Funny you should mention MacMullen. I have an article coming out later this year entitled “Mark’s Gospel for the Second Church of the Late First Century.” Obviously, for that article I have adopted a strong dose of MacMullen’s argument (although I’m not quite convinced that we can accurately designate “the second church” of the second through fourth centuries as comprising 95% of Christians, as MacMullen does).

The differentiation between what you call “the lay level” and “the leadership” does seem to have been a reality, not only in the years 200-400 that MacMullen outlines, but even in the first century, when there are plenty of indicators that “the second church” was alive and well. It was to “the second church” that “the apostolic voice” (as I like to call it) was frequently addressed – the “apostolic voice” that we hear in the texts of the New Testament and beyond (although even there, the voice was expressed within a spectrum of some diversity).

My essay suggests that Mark’s Gospel fits perfectly into this scenario, as the much-needed “apostolic voice” that sought to correct “the second church” of the late first century. It is easy to interpret the first half of Mark’s Gospel as tapping into the desire for spiritual power and protection of the “second church” but then, in the second half, harnessing that desire in relation to an exclusive devotion to Jesus Christ and a cruciform pattern of discipleship.

It was when the Pompeii pieces of first-century Jesus-devotion fell into place that I came to a new appreciation of Mark’s Gospel. The old adage that Mark’s Gospel links a “theology of glory” to a “theology of the cross” (with a variety of scholarly variations on that theme) came alive with new urgency, in light of what I was finding about Jesus-devotion in Pompeii, where Jesus-devotion seems intricately tied to strategies of protection in a dangerous world.

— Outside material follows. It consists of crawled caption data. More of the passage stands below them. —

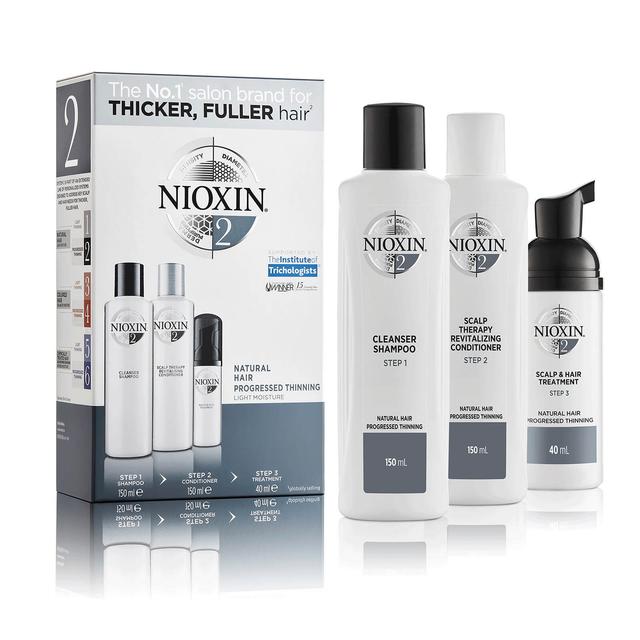 NIOXIN 3-Part System 2 Trial Kit for Natural Hair with Progressed Thinning on Productcaster.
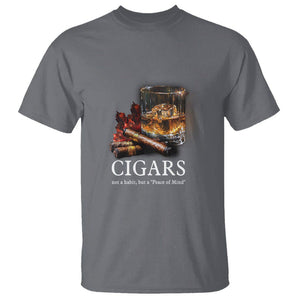 Cigar Lover T Shirt Not A Habit But A Peace of Mind TS09 Charcoal Print Your Wear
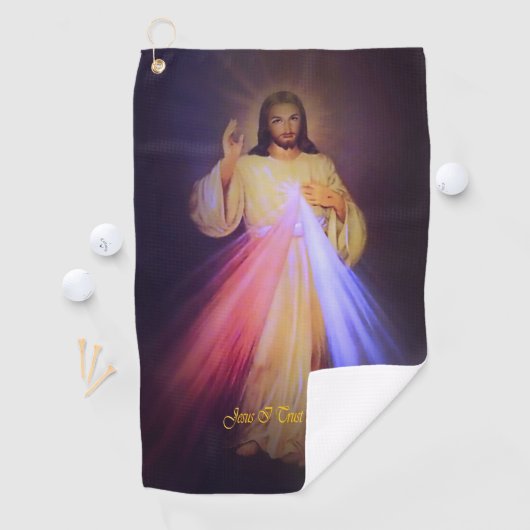 Serviette De Golf Divine Mercy Gold (En situation)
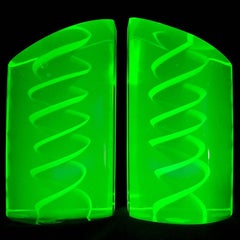 Murano Glowing Sommerso Ribbons Italian Art Glass Uranium Rod Bookend Sculptures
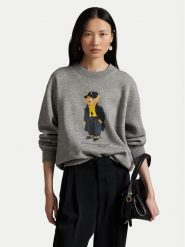 Polo Ralph Lauren Bluza 211A87104001 Szary Relaxed Fit. Szare bluzy sportowe Polo Ralph Lauren, s, bez wzorów, z bawełny, bez kaptura. Za 1,199.00 zł.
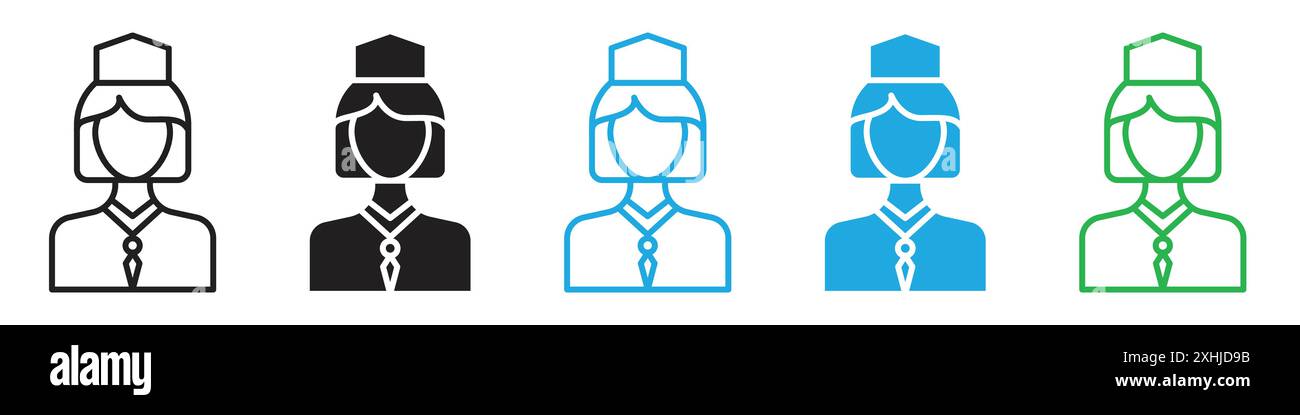 Icône hôtesse vecteur d'art de ligne noire en noir et blanc contour set signe de collection Illustration de Vecteur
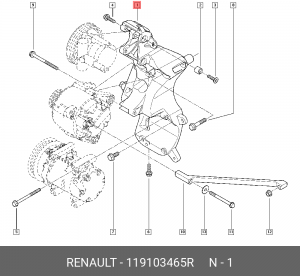КРОНШТЕЙН НАВЕСНОГО ОБОРУДОВАНИЯ (МЕТ) 119103465R 119103465R RENAULT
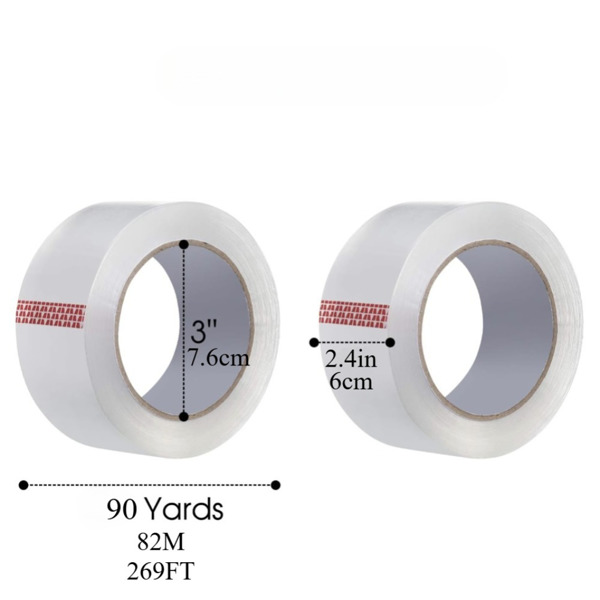 Heavy duty packaging tape, single roll 2.36-inch, 90 yard transparent packaging tape, used for transportation, packaging, carton and box sealing-3240 yards/2952FT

Against this backdrop, Mark’s Gospel is not simply an interesting theological contribution to Christian discourse but is an urgent corrective to the “second church” of the first century – the sort of thing that we might be seeing in Pompeii, and if in Pompeii, no doubt elsewhere as well. (Of course, Mark’s Gospel may well have been doing other things as well, but if it was a text written “for all Christians” [to use Richard Bauckham’s term], the Pompeian data opens up one vista in which see one application of its potential impact in its original setting.)

BEN: Your discussion of the Hebrew +, or Taw, the last letter of the Hebrew alphabet used on ossuaries and elsewhere to signify God’s property and the devotion of the person in question is fascinating. (It of course flatly contradicts the Talpiot tomb folks who think that the + symbol must indicate a Christian tomb, even a tomb of Jesus himself, with bones intact.) I wrote you an email asking if you had considered not only the connection between Ezekiel’s mark on the saints and the + and the reference in Rev. 7, but also the possibility that John in Revelation envisions not the + or Taw but the Omega or even Alpha and Omega mark as the one the saints bear (since the alpha and omega is predicated of both the Father and the Son in Revelation). This would contrast quite nicely with the mark of the beast on the Emperor worshippers. What do you think?

BRUCE:

I’m not sure about your idea in particular, but then again, nothing would surprise me in this regard. The first-century world of religious symbolism was extremely rich. Jews and Christians frequently probed deeply into symbolism that they found embedded within Jewish scripture and tradition.

And the more you dig around in the ancient world, the more you recognize that what seems extraordinary to us was not out of the ordinary for people of the past. Some ancient people appreciated theological connections of the most subtle and intricate kinds. I tried to demonstrate this in relation to Luke’s Gospel in my little book, Hearing the Silence, which argues that the Lukan evangelist expected his audience to explore subtle theological connections – both intratextual connections within his narrative and intertextual connections beyond it (especially with reference to Psalm 91).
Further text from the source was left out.